Content starts

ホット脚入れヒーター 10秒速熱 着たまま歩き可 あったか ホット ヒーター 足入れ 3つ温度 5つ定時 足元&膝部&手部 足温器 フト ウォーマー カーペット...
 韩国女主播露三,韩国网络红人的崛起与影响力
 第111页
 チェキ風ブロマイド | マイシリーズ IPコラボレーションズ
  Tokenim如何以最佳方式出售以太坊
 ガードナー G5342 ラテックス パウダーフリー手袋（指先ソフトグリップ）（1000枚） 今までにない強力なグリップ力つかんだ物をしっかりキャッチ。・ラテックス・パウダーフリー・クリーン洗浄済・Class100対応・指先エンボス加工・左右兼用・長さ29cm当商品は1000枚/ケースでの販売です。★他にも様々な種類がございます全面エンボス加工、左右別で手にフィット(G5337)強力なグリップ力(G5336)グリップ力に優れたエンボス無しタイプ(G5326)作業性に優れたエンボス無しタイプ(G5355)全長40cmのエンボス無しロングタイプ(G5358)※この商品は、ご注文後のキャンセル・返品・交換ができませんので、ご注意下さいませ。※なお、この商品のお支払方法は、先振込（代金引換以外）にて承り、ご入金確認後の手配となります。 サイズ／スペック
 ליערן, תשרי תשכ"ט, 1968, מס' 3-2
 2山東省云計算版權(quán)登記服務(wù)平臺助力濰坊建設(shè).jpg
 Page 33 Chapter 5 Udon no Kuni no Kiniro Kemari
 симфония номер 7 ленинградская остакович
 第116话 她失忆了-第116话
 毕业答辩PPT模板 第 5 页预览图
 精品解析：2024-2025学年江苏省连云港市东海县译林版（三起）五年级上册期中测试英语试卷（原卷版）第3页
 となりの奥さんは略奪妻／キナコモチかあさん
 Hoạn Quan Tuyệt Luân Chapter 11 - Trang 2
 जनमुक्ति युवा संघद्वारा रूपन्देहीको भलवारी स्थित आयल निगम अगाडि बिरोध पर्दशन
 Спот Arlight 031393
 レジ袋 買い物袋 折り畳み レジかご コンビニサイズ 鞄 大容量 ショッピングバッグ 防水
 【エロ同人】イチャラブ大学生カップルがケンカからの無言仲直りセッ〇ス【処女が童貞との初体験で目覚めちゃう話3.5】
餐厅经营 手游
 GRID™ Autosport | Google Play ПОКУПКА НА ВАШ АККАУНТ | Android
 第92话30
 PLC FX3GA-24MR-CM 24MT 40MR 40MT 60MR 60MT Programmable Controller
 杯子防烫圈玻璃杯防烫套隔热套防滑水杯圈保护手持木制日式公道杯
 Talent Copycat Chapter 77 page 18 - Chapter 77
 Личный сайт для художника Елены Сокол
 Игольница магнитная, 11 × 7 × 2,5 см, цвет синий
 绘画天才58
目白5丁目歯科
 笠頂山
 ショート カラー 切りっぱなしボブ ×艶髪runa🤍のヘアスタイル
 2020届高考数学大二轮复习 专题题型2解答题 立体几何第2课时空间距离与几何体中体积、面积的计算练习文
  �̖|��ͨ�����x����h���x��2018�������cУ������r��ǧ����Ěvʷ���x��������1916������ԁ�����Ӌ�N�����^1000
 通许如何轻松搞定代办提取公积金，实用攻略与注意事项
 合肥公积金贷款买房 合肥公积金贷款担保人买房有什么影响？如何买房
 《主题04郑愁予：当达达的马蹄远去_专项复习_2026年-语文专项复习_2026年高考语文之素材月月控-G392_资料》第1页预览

Content ends

» WHAT IS REQUIRED
The records above need to be duplicated. Keep every word unchanged.

» RESULT FOR THIS TASK
ホット脚入れヒーター 10秒速熱 着たまま歩き可 あったか ホット ヒーター 足入れ 3つ温度 5つ定時 足元&膝部&手部 足温器 フト ウォーマー カーペット...
 韩国女主播露三,韩国网络红人的崛起与影响力
 第111页
 チェキ風ブロマイド | マイシリーズ IPコラボレーションズ
  Tokenim如何以最佳方式出售以太坊
 ガードナー G5342 ラテックス パウダーフリー手袋（指先ソフトグリップ）（1000枚） 今までにない強力なグリップ力つかんだ物をしっかりキャッチ。・ラテックス・パウダーフリー・クリーン洗浄済・Class100対応・指先エンボス加工・左右兼用・長さ29cm当商品は1000枚/ケースでの販売です。★他にも様々な種類がございます全面エンボス加工、左右別で手にフィット(G5337)強力なグリップ力(G5336)グリップ力に優れたエンボス無しタイプ(G5326)作業性に優れたエンボス無しタイプ(G5355)全長40cmのエンボス無しロングタイプ(G5358)※この商品は、ご注文後のキャンセル・返品・交換ができませんので、ご注意下さいませ。※なお、この商品のお支払方法は、先振込（代金引換以外）にて承り、ご入金確認後の手配となります。 サイズ／スペック
 ליערן, תשרי תשכ"ט, 1968, מס' 3-2
 2山東省云計算版權(quán)登記服務(wù)平臺助力濰坊建設(shè).jpg
 Page 33 Chapter 5 Udon no Kuni no Kiniro Kemari
 симфония номер 7 ленинградская остакович
 第116话 她失忆了-第116话
 毕业答辩PPT模板 第 5 页预览图
 精品解析：2024-2025学年江苏省连云港市东海县译林版（三起）五年级上册期中测试英语试卷（原卷版）第3页
 となりの奥さんは略奪妻／キナコモチかあさん
 Hoạn Quan Tuyệt Luân Chapter 11 - Trang 2
 जनमुक्ति युवा संघद्वारा रूपन्देहीको भलवारी स्थित आयल निगम अगाडि बिरोध पर्दशन
 Спот Arlight 031393
 レジ袋 買い物袋 折り畳み レジかご コンビニサイズ 鞄 大容量 ショッピングバッグ 防水
 【エロ同人】イチャラブ大学生カップルがケンカからの無言仲直りセッ〇ス【処女が童貞との初体験で目覚めちゃう話3.5】
餐厅经营 手游
 GRID™ Autosport | Google Play ПОКУПКА НА ВАШ АККАУНТ | Android
 第92话30
 PLC FX3GA-24MR-CM 24MT 40MR 40MT 60MR 60MT Programmable Controller
 杯子防烫圈玻璃杯防烫套隔热套防滑水杯圈保护手持木制日式公道杯
 Talent Copycat Chapter 77 page 18 - Chapter 77
 Личный сайт для художника Елены Сокол
 Игольница магнитная, 11 × 7 × 2,5 см, цвет синий
 绘画天才58
目白5丁目歯科
 笠頂山
 ショート カラー 切りっぱなしボブ ×艶髪runa🤍のヘアスタイル
 2020届高考数学大二轮复习 专题题型2解答题 立体几何第2课时空间距离与几何体中体积、面积的计算练习文
  �̖|��ͨ�����x����h���x��2018�������cУ������r��ǧ����Ěvʷ���x��������1916������ԁ�����Ӌ�N�����^1000
 通许如何轻松搞定代办提取公积金，实用攻略与注意事项
 合肥公积金贷款买房 合肥公积金贷款担保人买房有什么影响？如何买房
 《主题04郑愁予：当达达的马蹄远去_专项复习_2026年-语文专项复习_2026年高考语文之素材月月控-G392_资料》第1页预览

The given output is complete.